Work task -> All of the data should be repeated exactly; pictures are not part of the copy.

── Record set

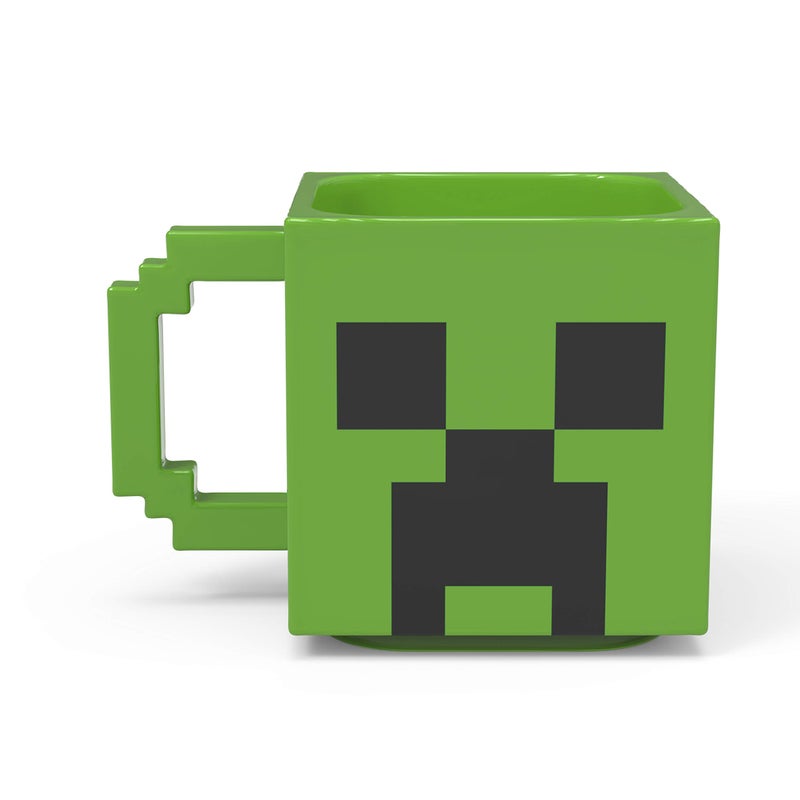Zak Designs Minecraft Creeper Unique 3D Character Sculpted Ceramic Coffee Mug Collectible Keepsake and Wonderful Coffee Mug 21oz Creeper BPAFree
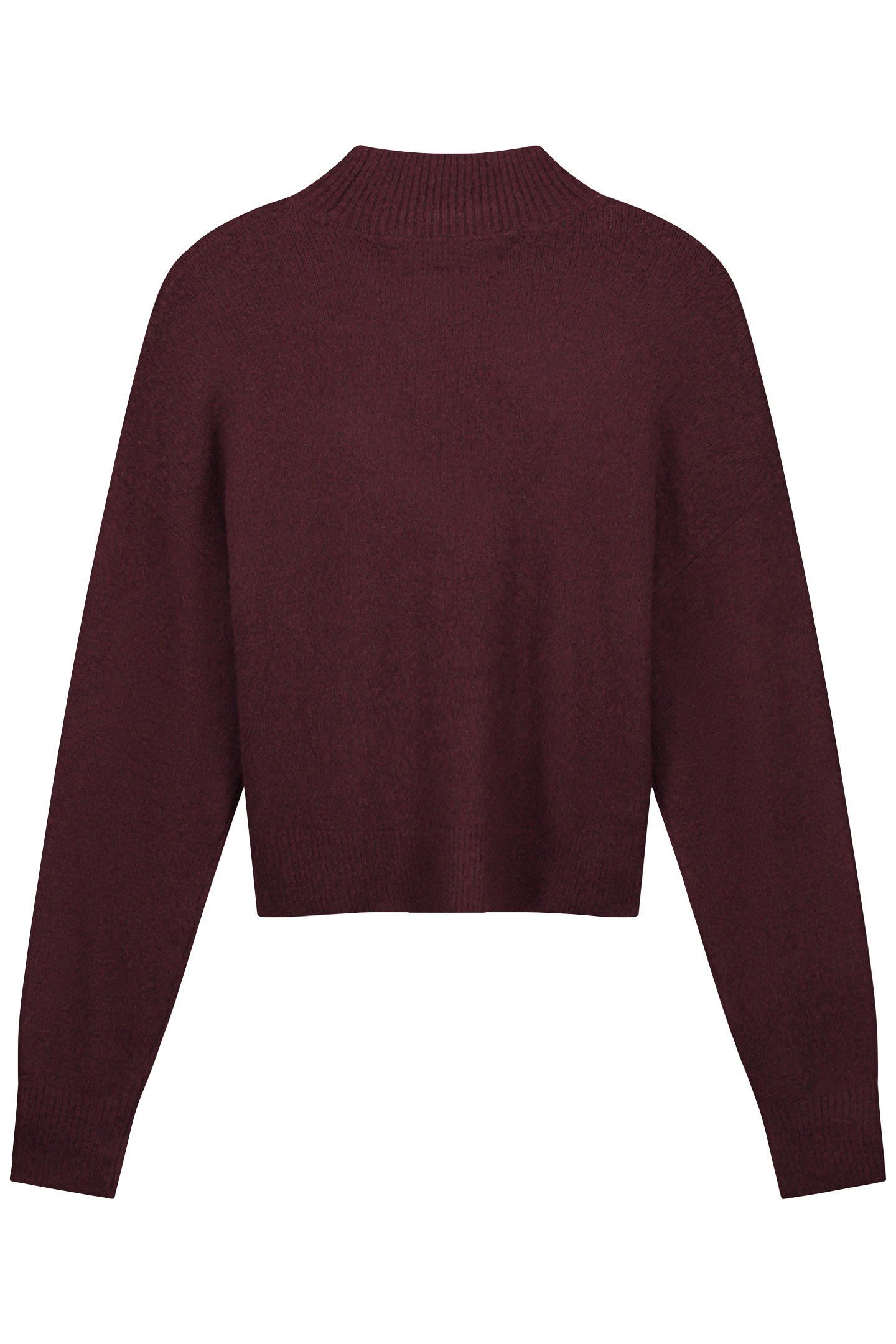 NOUS SOMMES LABELS – ELLA CROPPED MOCKNECK BURGUNDY 2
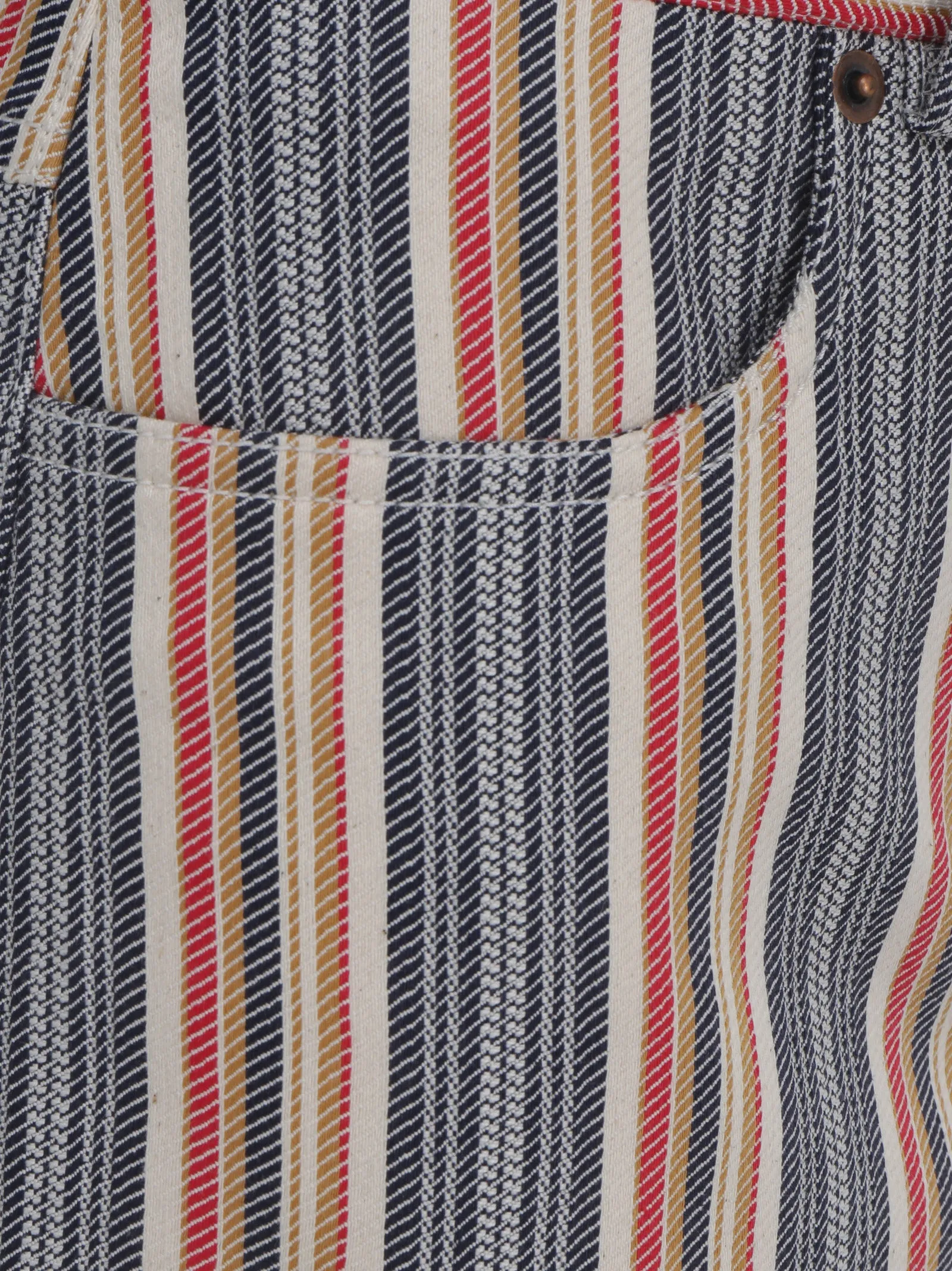 See By Chlo Striped Jacquard Denim Shorts
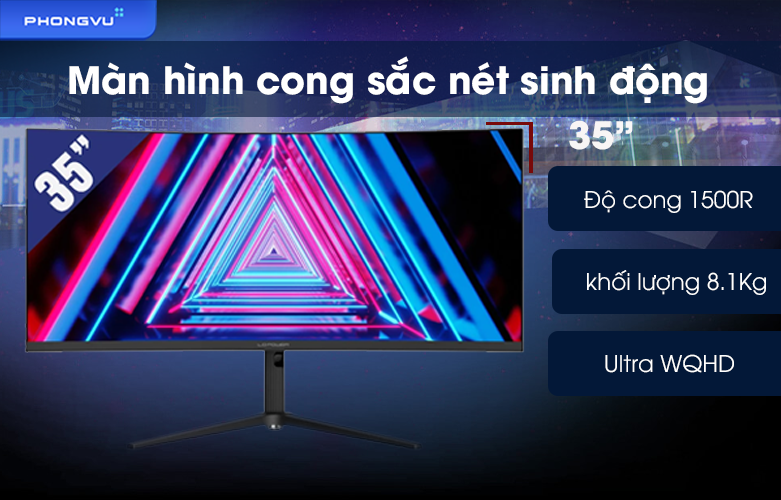 Màn hình LCD LC-M35-UWQHD-120-C | Màn hình cong sắc nét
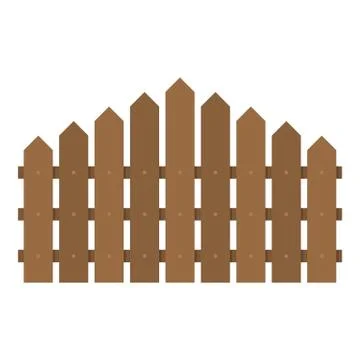 Triangular fence icon, flat style. Stock Illustration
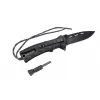 Išlikimo peilis AZYMUT Survival Fire Starter – stacionarus stovyklavimo peilis su integruotu ugnies uždegimo strypu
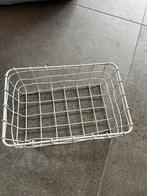 witte ijzeren opbergmand / decoratiemand H&m home, Overige materialen, Mand, Ophalen of Verzenden, Zo goed als nieuw
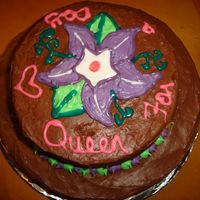 Queen For A Day Mother's Day Cake I made this for my mom for mother's day.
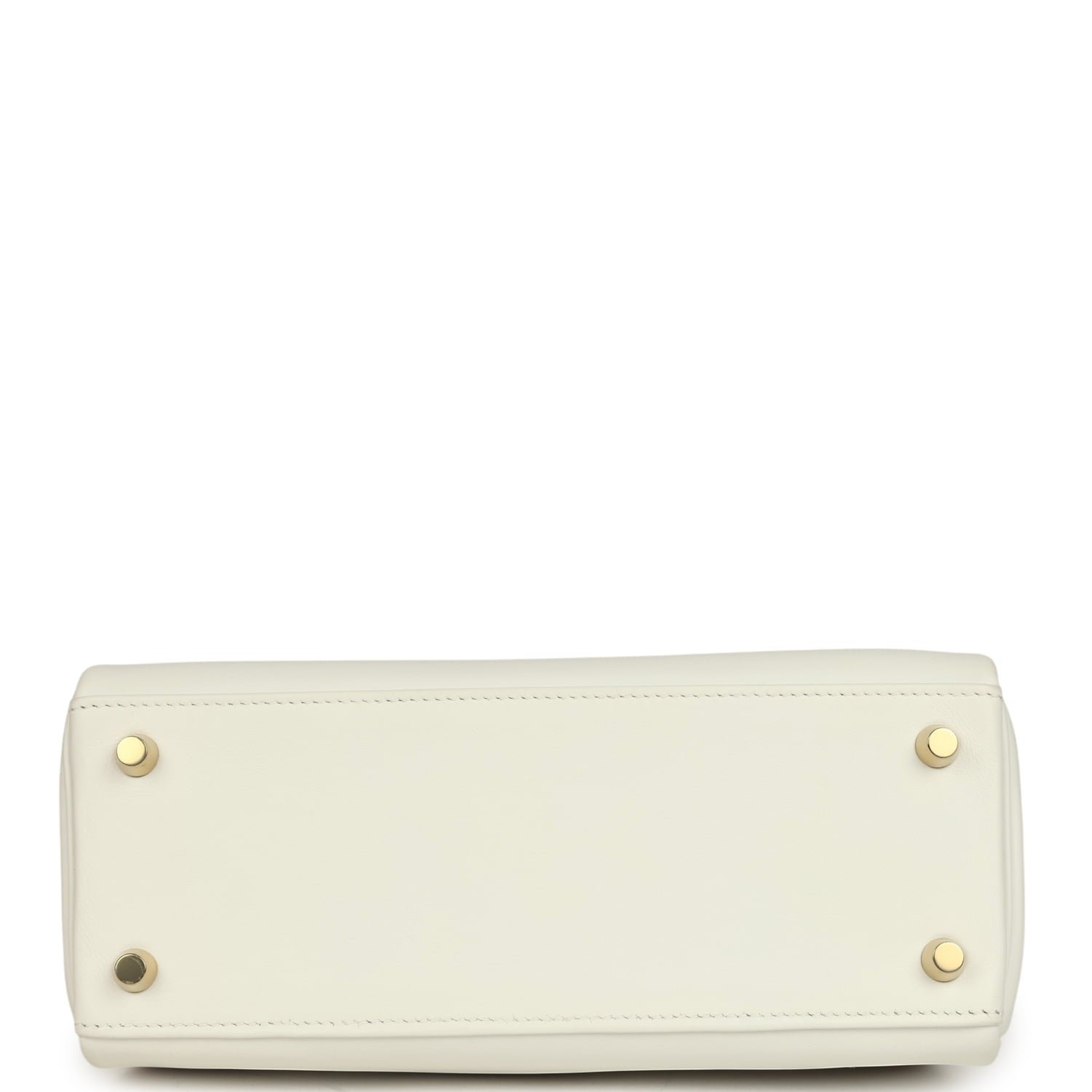 Hermès Kelly Retourne 25 New White Swift — view 6
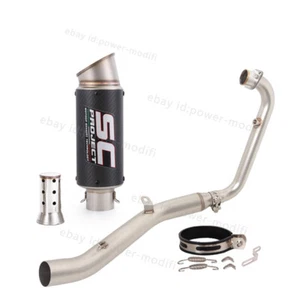 For Lifan KP-Mini 150 2015-2025 Header Pipe Full Exhaust System 51mm Mufflers - Picture 1 of 11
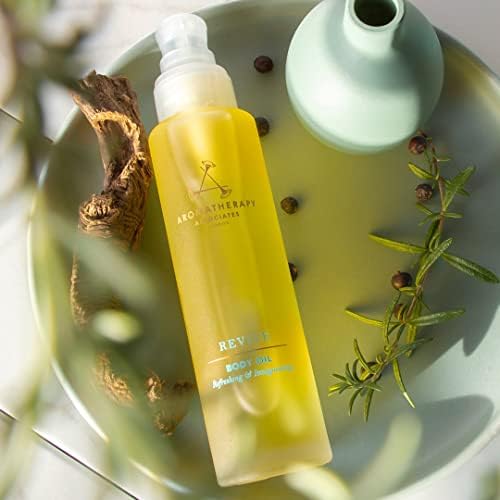 Aromatherapy Associates Revive Body Oil. A Luxurious Oil for an Energized and Nourished Body. Essential Oils Promote Healthy Micro-Circulation and Soften Skin (3.4 fl oz)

────

Your response ->
Zak Designs Minecraft Creeper Unique 3D Character Sculpted Ceramic Coffee Mug Collectible Keepsake and Wonderful Coffee Mug 21oz Creeper BPAFree
 NOUS SOMMES LABELS – ELLA CROPPED MOCKNECK BURGUNDY 2
 See By Chlo Striped Jacquard Denim Shorts
 Màn hình LCD LC-M35-UWQHD-120-C | Màn hình cong sắc nét
 Triangular fence icon, flat style. Stock Illustration
 Išlikimo peilis AZYMUT Survival Fire Starter – stacionarus stovyklavimo peilis su integruotu ugnies uždegimo strypu
 witte ijzeren opbergmand / decoratiemand H&m home, Overige materialen, Mand, Ophalen of Verzenden, Zo goed als nieuw
 Queen For A Day Mother's Day Cake I made this for my mom for mother's day.
 Hermès Kelly Retourne 25 New White Swift — view 6
 For Lifan KP-Mini 150 2015-2025 Header Pipe Full Exhaust System 51mm Mufflers - Picture 1 of 11
 Aromatherapy Associates Revive Body Oil. A Luxurious Oil for an Energized and Nourished Body. Essential Oils Promote Healthy Micro-Circulation and Soften Skin (3.4 fl oz)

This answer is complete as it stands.